Most of what I just said likely went in one ear and out the other. Part of it is stubbornness mixed with fear. A desperate attempt to hold on to an identity largely based on a strange sort of gamesmanship, trying to “one-up” peers in every category of endless competition.
A pointless life-long marathon against unseen ghosts behind you and the platonic ideal of the perfect child, student, spouse, human forever in front.
Do you think that it will ever end?
That even if you get one win here, your goalposts will not move to idol-worship of Meta or McKinsey or M-something or another?
Perhaps you think I’m wrong. That yes, only the most money and greatest amount of prestige and a perfect business card with subtle off-white coloring will bring you life’s ultimate fulfillment.
That’s okay. I’m not here to judge you.
Change occurs gradually, and while the old, toxic parts are washed away, there is space for the new. Were you forced to play a sport, an instrument, do something you hated to the core? Perhaps you can begin piano again and realize that music has beauty once the pressure to be perfect is gone, as I did. Competition is a disease, one that rots from the inside out.

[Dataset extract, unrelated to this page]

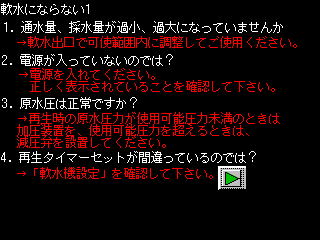 軟水にならない1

Abandon the veneer of perfection defined by society, and come clean.
We can now understand what the issues with “clout-chasing” college admissions forums and counselor websites are. They believe in victory at any cost; a quote they use is “It is better to cry in a Maserati than laugh in a Toyota” — that means if they are unhappy in life, at least they are unhappy Ivy League graduates. What a toxic, myopic, ludicrous perspective. The writers are either manipulating the concerns of first-generation students and immigrant parents to empty their wallets — or they really do believe their own spiel. I see parents living vicariously through their children, pushing their sons and daughters to be admitted by the very colleges that rejected them, without any consideration for whether their children want to be there in the first place. Is it no wonder that self-deprecation, depression, and stress are so commonplace?
“Comparison is the thief of joy.”
Higher education is a tool, not a medal. If you truly wish to be admitted to an Ivy League, you must view it as such. An applicant under the delusion that an Ivy League acceptance is the peak of their entire life is not a desirable student to take in. There is a reason Olympic athletes and seven-figure startup founders are accepted into Harvard, but it is not because they did what they did to get into college. To pursue an interest to that extent suggests that they do not necessarily care about college at all — with or without an Ivy League acceptance, they intend to succeed. Now that catches an admission officer’s attention.
Isn’t that the ultimate tragedy of the Ivy League wannabe? By seeking so desperately a loophole into what they believe is the only way to succeed in life, they decrease their chances of being admitted. In changing every aspect of their personality and interests to match the stereotypical “Ivy League student,” they have stripped away the unique and left behind a stiff, cardboard image in its stead.
Why would any university want an aimless fanboy whose wildest dream is attending an undergraduate university based on the single criteria of its place on the US World and News ranking?
A final bit of irony, the definition of clout-chaser:
“Clout chasers, or those that do things just to project a hipper persona on social media, are greatly disliked, deemed superficial and fake.” — dictionary.com
What better word to describe the students who give up all in a vain attempt to appear ostensibly successful?